(MATERIALS PROVIDED begins)

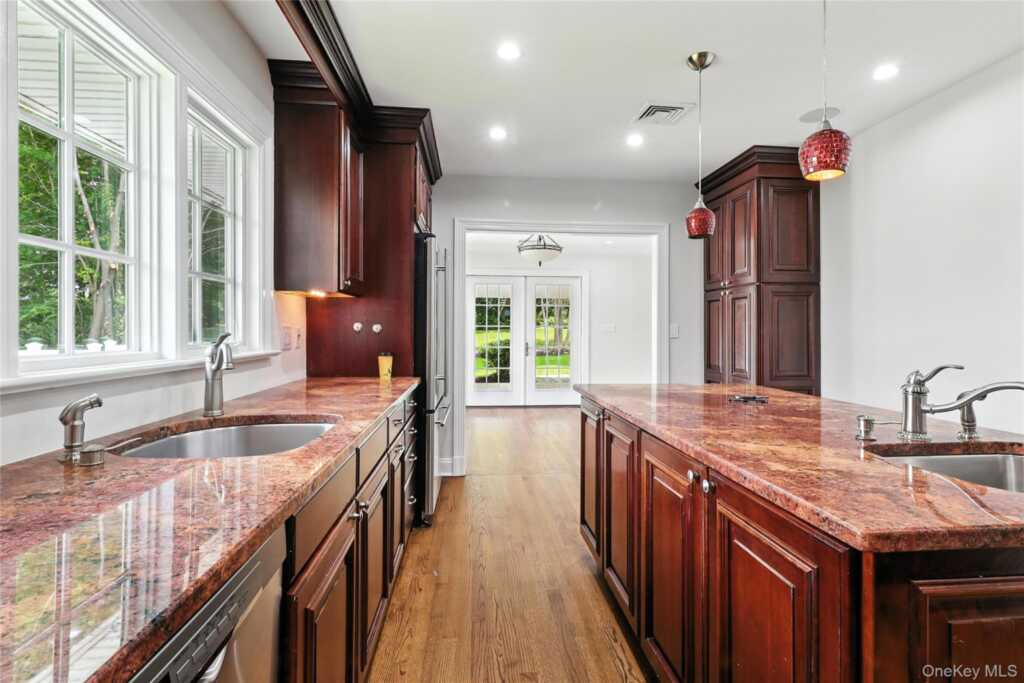 53 Upland Street, Rye, NY 10573 - Photo 4 of 11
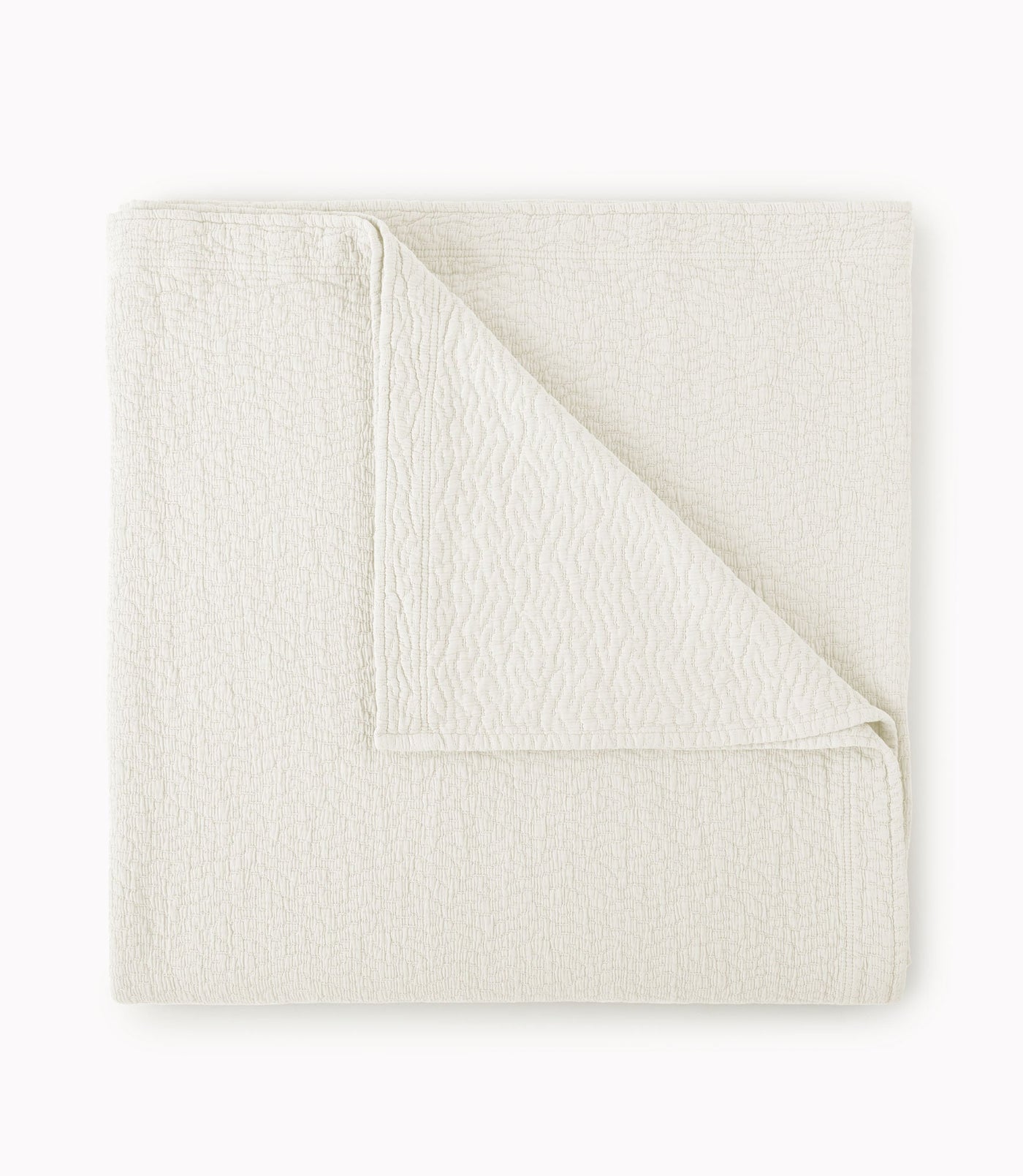 Mia Matelassé | Coverlet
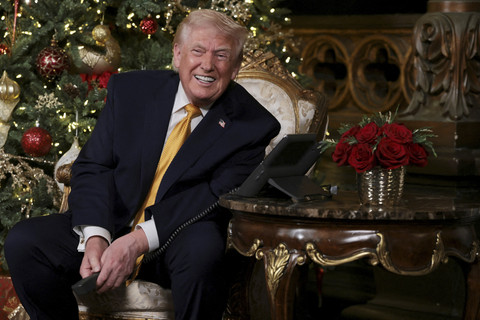 Presiden AS Donald Trump menghadiri makan malam Natal di ballroom klub Mar-a-Lago di Palm Beach, Florida, Amerika Serikat, Rabu (24/12/2025). Foto: Jessica Koscielniak/Reuters
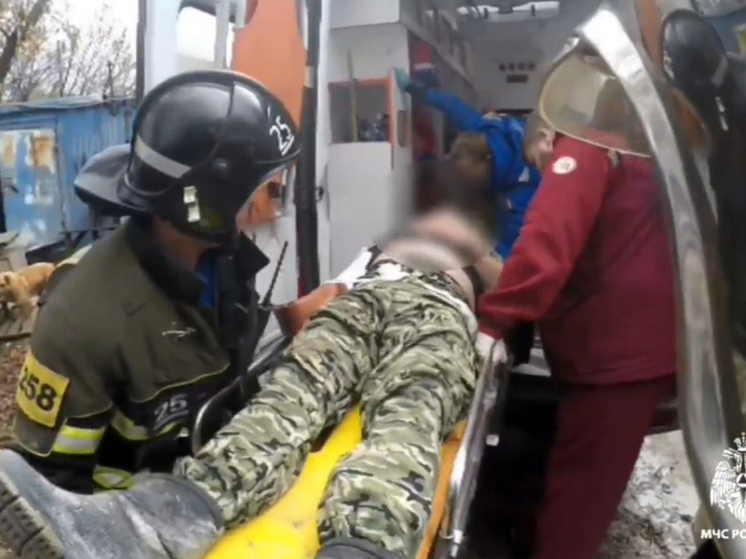 Рабочего зажало транспортерной лентой на заводе в Новомосковске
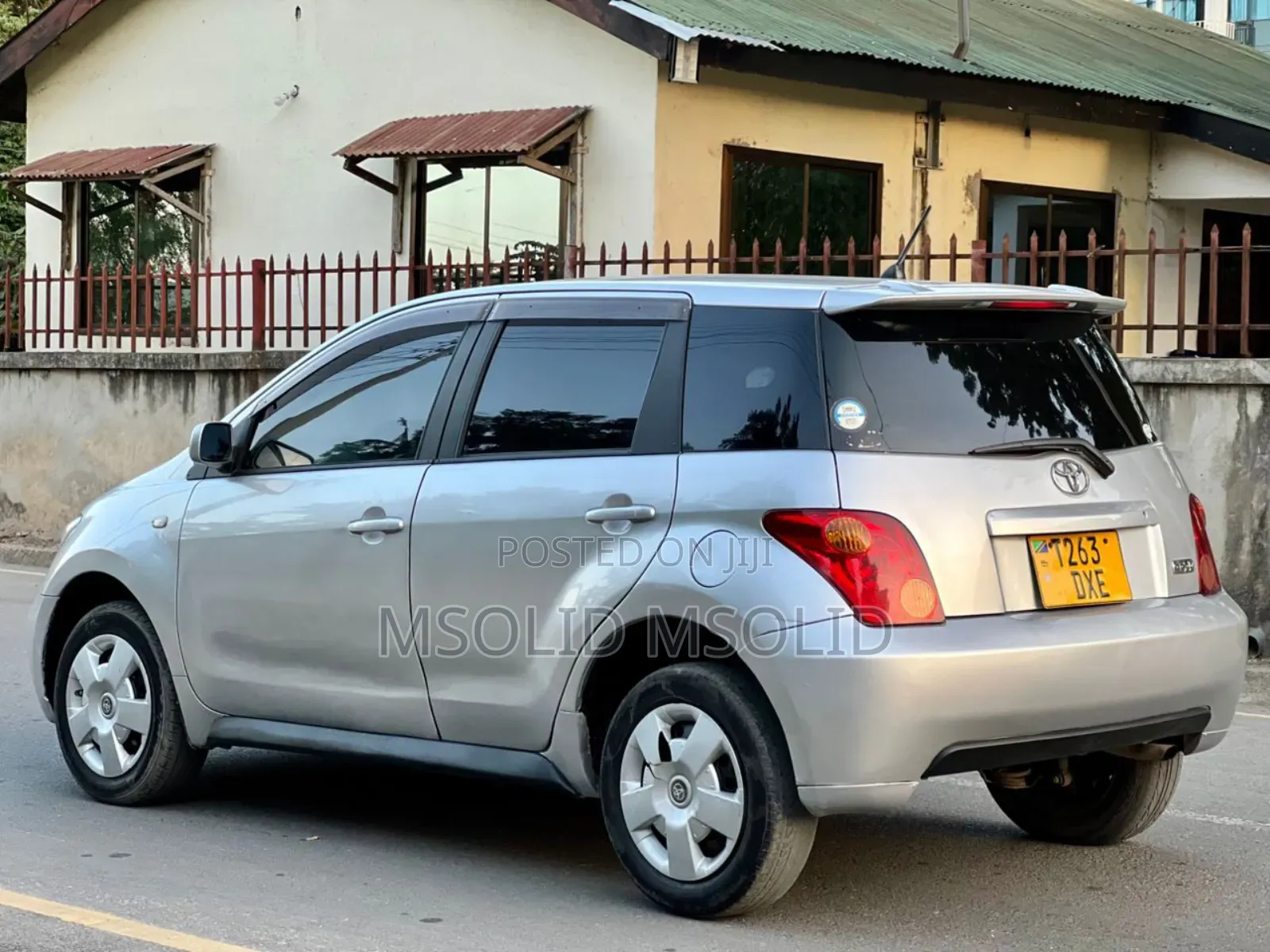 Toyota IST 2004 Silver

(MATERIALS PROVIDED ends)

WORK TASK — Skip the pictures. Write out exactly the lines from the one with "Presiden AS Donald" through the last line of the listing, both ends included, and nothing more.

RESULT FOR THIS EXERCISE —
 Presiden AS Donald Trump menghadiri makan malam Natal di ballroom klub Mar-a-Lago di Palm Beach, Florida, Amerika Serikat, Rabu (24/12/2025). Foto: Jessica Koscielniak/Reuters
 Рабочего зажало транспортерной лентой на заводе в Новомосковске
 Toyota IST 2004 Silver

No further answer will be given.